AI-written critiques help humans notice flaws
We trained “critique-writing” models to describe flaws in summaries. Human evaluators find flaws in summaries much more often when shown our model’s critiques. Larger models are better at self-critiquing, with scale improving critique-writing more than summary-writing. This shows promise for using AI systems to assist human supervision of AI systems on difficult tasks.
We want to ensure that future AI systems performing very difficult tasks remain aligned with human intent. Many previous(opens in a new window) works(opens in a new window) on aligning language models rely on human evaluations as a training signal. However, humans struggle at evaluating very difficult tasks—for example, it is hard to spot every bug in a codebase or every factual error in a long essay. Models may then learn to give outputs that look good to humans but have errors we systematically fail to notice.
To mitigate this problem, we want to train AI assistants that help humans provide feedback on hard tasks. These assistants should point out flaws, help humans understand what’s going on, and answer their questions. An example of this is our past work on book summarization: reading the entire book is a lot of work, but humans assisted with chapter summaries have a much easier time evaluating a book summary.
As a proof of concept, we used supervised learning to train language models to write critiques of topic-based summaries of short stories, Wikipedia articles, and other texts from the internet. We use these models to assist human evaluators and study scaling properties of critique writing.
Experiments with AI assistance
To see how useful our models are for evaluation assistance, we show labelers 8 model-written critiques of each summary, with a control group that receives no assistance. We use topic-based summaries from three sources: written by our models, written by humans, and written by humans deliberately to have important yet subtle flaws.
Even though summarization isn’t actually a difficult task for humans and our models aren’t more capable than humans, they already provide meaningful assistance: when asked to evaluate model-written summaries, the assisted group finds 50% more flaws than the control group. For deliberately misleading summaries, assistance increases how often humans spot the intended flaw from 27% to 45%.
Scaling properties of critiques
Assistance on model-written summaries only works if they are able to critique themselves. We ask humans to rate the helpfulness of model-written self-critiques, and find larger models are better at self-critiquing.

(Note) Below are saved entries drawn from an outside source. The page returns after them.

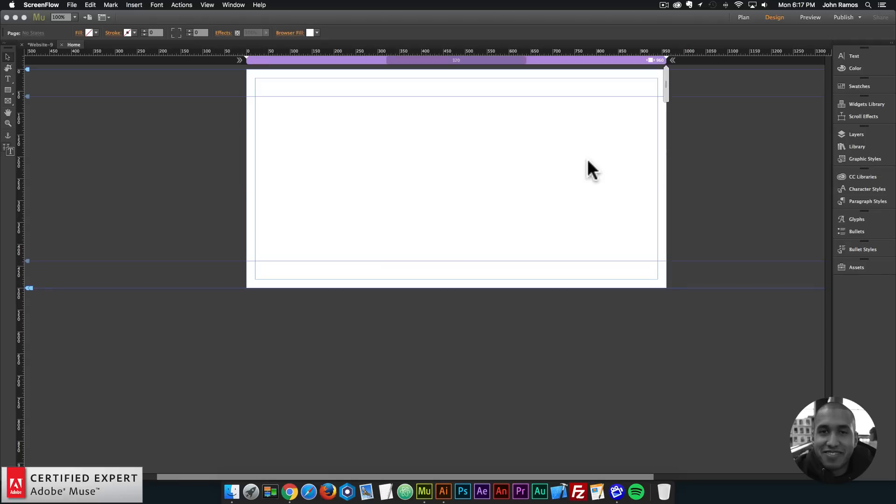Hey what's up Musers, this is John at Muse4U here to help you build awesome websites without code and this is going to be a quick video tutorial showcasing the highlighter widget.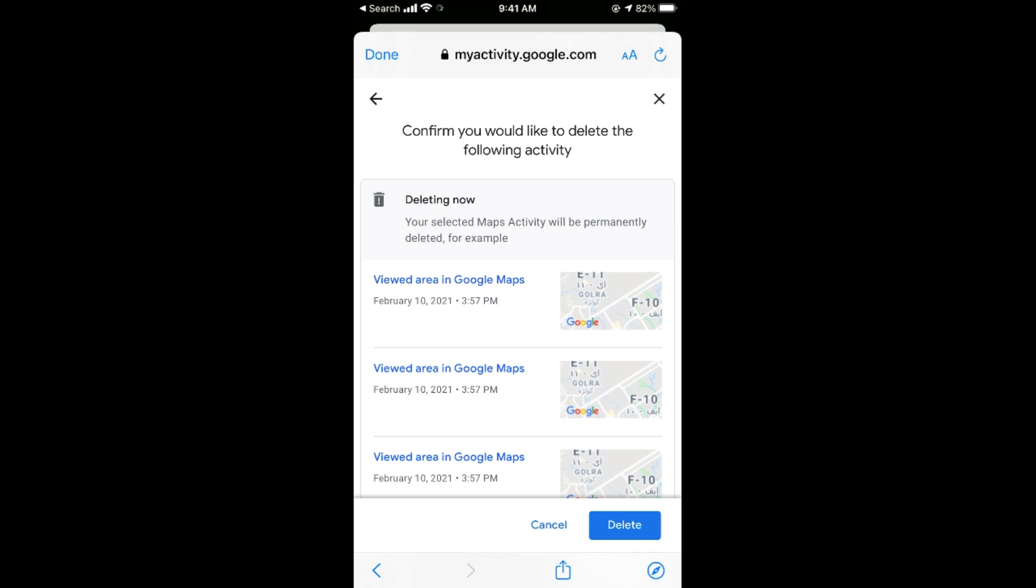And the whole history of Google Maps will be deleted on your iPhone.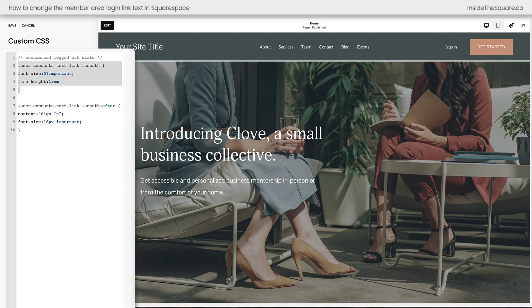Here's how this code works: the first part sets that login text to a font size of zero, but we had to reset the line height to make sure it was still in line with all of the other links in our website header. After that, we told the browser to add the new content — the words 'sign in.'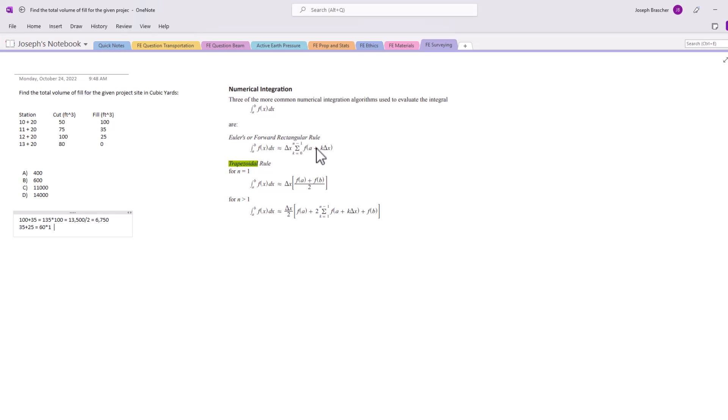Again, multiply that by 100 divided by two, we'll get 3,000. And then we have 25 plus zero, and so that's just 25 times 100 equals 2,500 divided by two.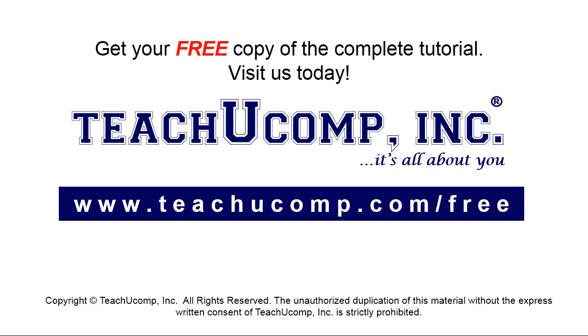Get your free copy of the complete tutorial at www.teachucomp.com/free.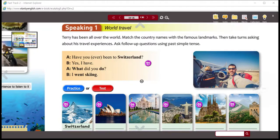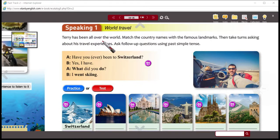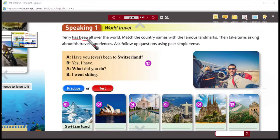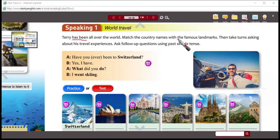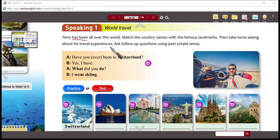We can see that in this activity here on page 85. The speaking task one says: Terry has been all over the world — so he has traveled all over the world, many times in the past. This is maybe many experiences for Terry. Match the country names with the famous landmarks. Then take turns asking about his travel experiences and ask follow-up questions.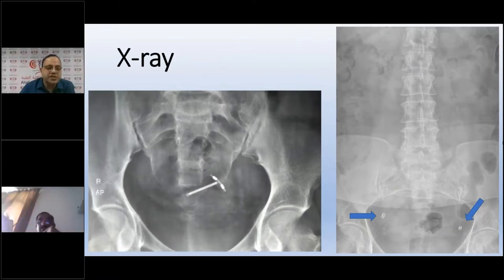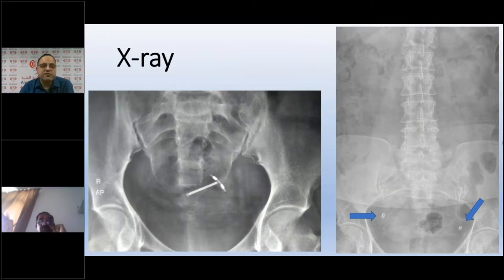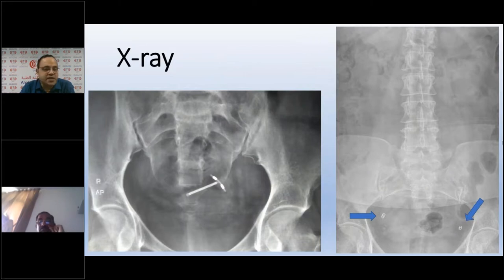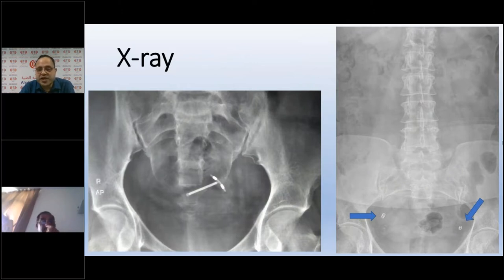X-rays can be used for IUCD localization. When evaluating X-rays in females presenting with pain, we may see tubal ligation bands — small radiopaque shadows or metallic densities that are bilateral and symmetrical in the pelvis. These should not be confused with renal stones.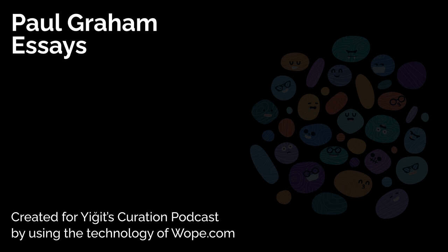Before we dive in, I want to share a quick note about how this podcast is created. As you've probably noticed, this podcast isn't voiced by a human, but by artificial intelligence. I'm obligated to inform you of this beforehand due to the rules of AI services. This podcast is made possible by our sponsor, Wope.com, an AI startup that combines content marketing with artificial intelligence to significantly boost traffic and revenue of your startups. For all the latest content, be sure to follow me at x.com slash yegithkoner.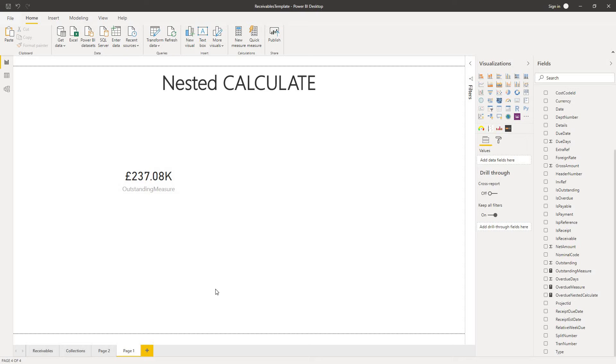In this video, we're going to take a look at one of the dangers if you're nesting calculate functions in DAX.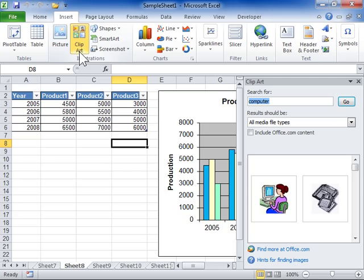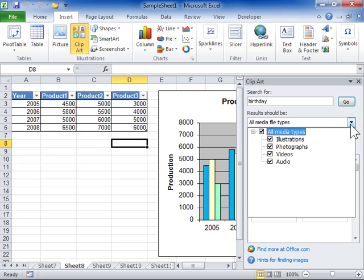In the Search for field, enter a keyword to be searched. From the Result Should Be drop-down, select the format of the Clipart to be searched. Click Go.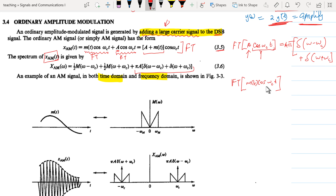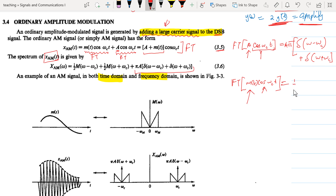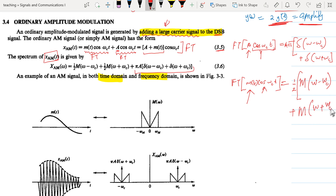We said this follows the idea of first breaking it into Euler's formula. What we figured out is that we end up with two terms that are frequency-shifted, one to the positive and the other to the negative. So it simply becomes one-half the Fourier transform of the message shifted in frequency, plus M shifted to the left by ωc. Therefore, that is what comes in as the spectrum of the amplitude modulated signal.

We also find that large models are able to directly improve their outputs, using their self-critiques, which small models are unable to do. Using better critiques helps models make better improvements than they do with worse critiques, or with no critiques.
Do models tell us everything they know?
To provide the best evaluation assistance on difficult tasks, we would like models to communicate all problems that they “know about.” Whenever a model correctly predicts that an answer is flawed, can the model also produce a concrete critique that humans understand?
This is particularly important for supervising models that could attempt to mislead human supervisors or hide information. We would like to train equally smart assistance models to point out what humans don’t notice.
Unfortunately, we found that models are better at discriminating than at critiquing their own answers, indicating they know about some problems that they can’t or don’t articulate. Furthermore, the gap between discrimination and critique ability did not appear to decrease for larger models. Reducing this gap is an important priority for our alignment research.
Next steps
An important limitation of this work is that topic-based summarization is not actually a difficult task: humans understand it quite well and it takes them only about 10 minutes to evaluate a summary. To understand the limits of AI-assisted evaluation better, we need to work with tasks that are much more difficult for humans to evaluate.
Nevertheless, these results make us optimistic that we can train models to provide humans with meaningful feedback assistance. This is an important pillar of our alignment strategy, starting with the work on debate and recursive reward modeling(opens in a new window). In the long run, we want to build assistants that can be trusted to take on all of the cognitive labor needed for evaluation, so humans can focus on communicating their preferences.